Given two strings: s1 and s2 with the same size, check if some permutation of string s1 can break some permutation of string s2 or vice-versa. In other words s2 can break s1 or vice-versa.

A string x can break string y (both of size n) if x[i] >= y[i] (in alphabetical order) for all i between 0 and n-1.

 

Example 1:

Input: s1 = "abc", s2 = "xya"
Output: true
Explanation: "ayx" is a permutation of s2="xya" which can break to string "abc" which is a permutation of s1="abc".

Example 2:

Input: s1 = "abe", s2 = "acd"
Output: false 
Explanation: All permutations for s1="abe" are: "abe", "aeb", "bae", "bea", "eab" and "eba" and all permutation for s2="acd" are: "acd", "adc", "cad", "cda", "dac" and "dca". However, there is not any permutation from s1 which can break some permutation from s2 and vice-versa.

Example 3:

Input: s1 = "leetcodee", s2 = "interview"
Output: true

 

Constraints:

  • s1.length == n
  • s2.length == n
  • 1 <= n <= 10^5
  • All strings consist of lowercase English letters.

Solution Explanation:

This problem asks whether one string's permutation can lexicographically dominate another string's permutation. The solution leverages the fact that sorting the strings allows for a straightforward comparison.

Approach:

  1. Sort: Sort both input strings s1 and s2 alphabetically. This ensures that we're comparing the strings in their lexicographically "best" possible forms.

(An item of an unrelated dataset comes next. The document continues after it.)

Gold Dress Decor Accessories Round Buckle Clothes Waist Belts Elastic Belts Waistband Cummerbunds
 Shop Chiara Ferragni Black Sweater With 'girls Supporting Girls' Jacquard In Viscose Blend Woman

  2. Check Domination: We need to check if one sorted string dominates the other (meaning every character in one string is greater than or equal to the corresponding character in the other). This is done twice: once for s1 potentially dominating s2, and once for s2 potentially dominating s1.

  3. Return: The function returns true if either domination condition is met, indicating that a permutation of one string can break a permutation of the other. Otherwise, it returns false.

Time Complexity Analysis:

  • Sorting each string takes O(N log N) time, where N is the length of the strings.
  • The check function (comparing the sorted strings) takes O(N) time.

Therefore, the overall time complexity of the solution is O(N log N), dominated by the sorting step.

Space Complexity Analysis:

The space complexity is O(N) in the worst case because we are creating sorted copies of the input strings in some implementations. In some languages like C++, the sort function may perform in-place sorting, reducing space complexity to O(1) in those cases. However, O(N) is a safe upper bound for space complexity.

Code Explanation (Python):

The Python code is concise and directly implements the approach:

class Solution:
    def checkIfCanBreak(self, s1: str, s2: str) -> bool:
        cs1 = sorted(s1)  # Sort s1
        cs2 = sorted(s2)  # Sort s2
        return all(a >= b for a, b in zip(cs1, cs2)) or all(  # Check if s1 dominates s2 or vice-versa
            a <= b for a, b in zip(cs1, cs2)
        )

zip(cs1, cs2) efficiently iterates through both sorted strings simultaneously. all(...) ensures that all pairwise comparisons satisfy the condition (greater than or equal to, or less than or equal to). The or combines both domination checks.

Code Explanation (Other Languages):

The code in Java, C++, Go, and TypeScript follows the same algorithmic approach. The differences primarily lie in syntax and how sorting and character array handling are implemented in each language. For example:

  • Java: Uses Arrays.sort() for sorting and iterates with a for loop and explicit array index access.
  • C++: Uses std::sort() for sorting and iterates with a for loop and explicit array index access.
  • Go: Uses sort.Slice() which requires a custom comparison function for sorting byte slices. Uses a nested function for better code organization.
  • TypeScript: Uses Array.from() to convert strings to arrays, .sort() for sorting, and for loops.

All the implementations, however, maintain the same core logic of sorting and comparing the strings to determine if one can break the other.